UM Student Veterans Association reaches new heights

Ole Miss’ football game against South Carolina featured what was the crowning achievement for the University of Mississippi’s Student Veterans Association so far.

Veteran and Military Services Assistant Director Andrew Newby and head football coach Matt Luke, with 60,000 fans looking on, were able to give 13-year-old Benjamin Clark an all-expenses paid trip to Disney World.

This act was a noble one for the university, as Clark’s B-cell acute lymphoblastic leukemia is in remission, and doing it as the new assistant director of a growing program was also a bold task.
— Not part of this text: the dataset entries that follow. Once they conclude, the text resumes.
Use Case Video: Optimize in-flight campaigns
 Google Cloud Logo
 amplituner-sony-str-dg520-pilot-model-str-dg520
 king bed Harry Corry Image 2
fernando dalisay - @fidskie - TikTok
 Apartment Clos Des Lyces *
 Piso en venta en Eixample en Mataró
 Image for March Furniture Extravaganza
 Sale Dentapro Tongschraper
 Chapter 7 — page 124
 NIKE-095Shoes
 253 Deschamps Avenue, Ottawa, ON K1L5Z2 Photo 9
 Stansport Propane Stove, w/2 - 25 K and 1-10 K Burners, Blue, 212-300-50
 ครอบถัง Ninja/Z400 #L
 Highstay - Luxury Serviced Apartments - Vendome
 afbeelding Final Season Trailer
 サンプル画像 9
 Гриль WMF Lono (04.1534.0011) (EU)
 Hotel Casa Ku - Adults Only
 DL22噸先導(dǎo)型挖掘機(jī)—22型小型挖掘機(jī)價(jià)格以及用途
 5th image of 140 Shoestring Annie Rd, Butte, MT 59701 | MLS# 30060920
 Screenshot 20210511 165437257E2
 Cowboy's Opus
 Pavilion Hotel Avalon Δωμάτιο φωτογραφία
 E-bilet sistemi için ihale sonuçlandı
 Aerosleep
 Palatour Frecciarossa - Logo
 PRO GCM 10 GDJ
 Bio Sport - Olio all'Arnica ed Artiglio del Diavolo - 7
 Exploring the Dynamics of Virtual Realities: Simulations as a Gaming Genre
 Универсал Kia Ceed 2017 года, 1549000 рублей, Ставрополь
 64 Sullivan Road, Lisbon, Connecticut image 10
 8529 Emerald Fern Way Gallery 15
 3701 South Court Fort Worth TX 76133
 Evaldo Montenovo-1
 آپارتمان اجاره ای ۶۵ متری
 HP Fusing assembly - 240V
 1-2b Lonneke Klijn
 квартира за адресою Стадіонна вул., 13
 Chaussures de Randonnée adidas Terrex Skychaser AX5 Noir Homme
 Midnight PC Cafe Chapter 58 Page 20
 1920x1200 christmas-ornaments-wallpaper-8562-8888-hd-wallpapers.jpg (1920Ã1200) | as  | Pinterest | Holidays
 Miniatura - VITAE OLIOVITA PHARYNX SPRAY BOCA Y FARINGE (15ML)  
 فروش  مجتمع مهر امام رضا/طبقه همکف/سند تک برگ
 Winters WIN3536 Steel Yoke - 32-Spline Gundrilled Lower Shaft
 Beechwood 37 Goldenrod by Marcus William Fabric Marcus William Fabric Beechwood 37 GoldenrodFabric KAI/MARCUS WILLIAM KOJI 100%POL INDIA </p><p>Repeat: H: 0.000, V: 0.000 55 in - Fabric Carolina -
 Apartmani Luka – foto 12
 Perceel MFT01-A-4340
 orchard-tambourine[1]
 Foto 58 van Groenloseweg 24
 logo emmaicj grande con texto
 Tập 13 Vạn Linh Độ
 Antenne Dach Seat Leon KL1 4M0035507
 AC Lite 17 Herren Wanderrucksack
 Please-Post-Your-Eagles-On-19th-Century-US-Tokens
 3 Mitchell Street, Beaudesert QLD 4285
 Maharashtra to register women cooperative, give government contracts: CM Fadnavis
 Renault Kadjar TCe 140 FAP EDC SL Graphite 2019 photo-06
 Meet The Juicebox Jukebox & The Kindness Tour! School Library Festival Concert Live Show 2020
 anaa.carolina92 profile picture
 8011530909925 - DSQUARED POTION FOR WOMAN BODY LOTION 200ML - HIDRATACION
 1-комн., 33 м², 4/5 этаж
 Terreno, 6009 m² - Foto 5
“We began planning, and it was literally 11 months of planning and execution,” Newby said. “We had these five areas, that are all different, that we had to prepare for with one person in veteran military services, three people in athletics, and three people in ROTC.”

Being able to pull it off was an enormous accomplishment for Newby. Partially because when Newby came to Oxford in August of 2017, his job didn’t exist.

From the ground up, Newby has built one of the most successful student veterans programs in not only the state of Mississippi, but also in the entire nation.

According to collegefactual.com, UM is rated as the top school for veterans in the state of Mississippi and 88th in the nation. Previously UM was not ranked nationally.

The reason why UM’s program has achieved so much, is because Newby gets to “roll out the red carpet” and try and create opportunities for the 1,400 student veterans enrolled.

A way the program can provide an immediate impact is by breaking down the war-loving stereotype that veterans carry.

“We’ve got writers, we’ve got painters, we’ve got thinkers, we’ve got musicians,” Newby said.

“What we get to do in my office is elevate that and bring that to the forefront … We’re changing that culture.”

As Newby described, UM’s student veterans association works with the whole person, instead of a singular identity of a veteran, and put student veterans in front of faculty members of their desired field to help veterans figure out how to be successful.

The program also focuses on bringing the student veterans together into a bigger group, instead of joining into smaller groups with other veterans and not completely integrating back into campus life.

The challenge with that, however, comes when a veteran tries to integrate him or herself back into civilian life. Newby, a member of the Marines Corps, knows this struggle first hand.

“It’s a huge culture shock,” Newby said. “You go from, in the military, the structure of knowing exactly where you stand, day-to-day in every facet of your life.”

UM’s program combats that culture shock by having physicians in Oxford, which can work with Veteran Affairs (VA) physicians and provide medicine locally, instead of requiring veterans to travel to one of the nearest VA offices in Tupelo, Jackson or Memphis to receive their medication.

While the support UM can offer student veterans is already being recognized on the state level, Newby said he wants the school to be one of the top schools in the nation for veterans.

And those kinds of aspirations include building on the foundation Newby has created. This includes planning to top what the Student Veterans Association did for Benjamin Clark, which Newby has already started planning for.

“What are you doing right now in school,” Newby said. “That’s what matters, because you’re here to get a degree, and to go be successful in the job market you’re going into.”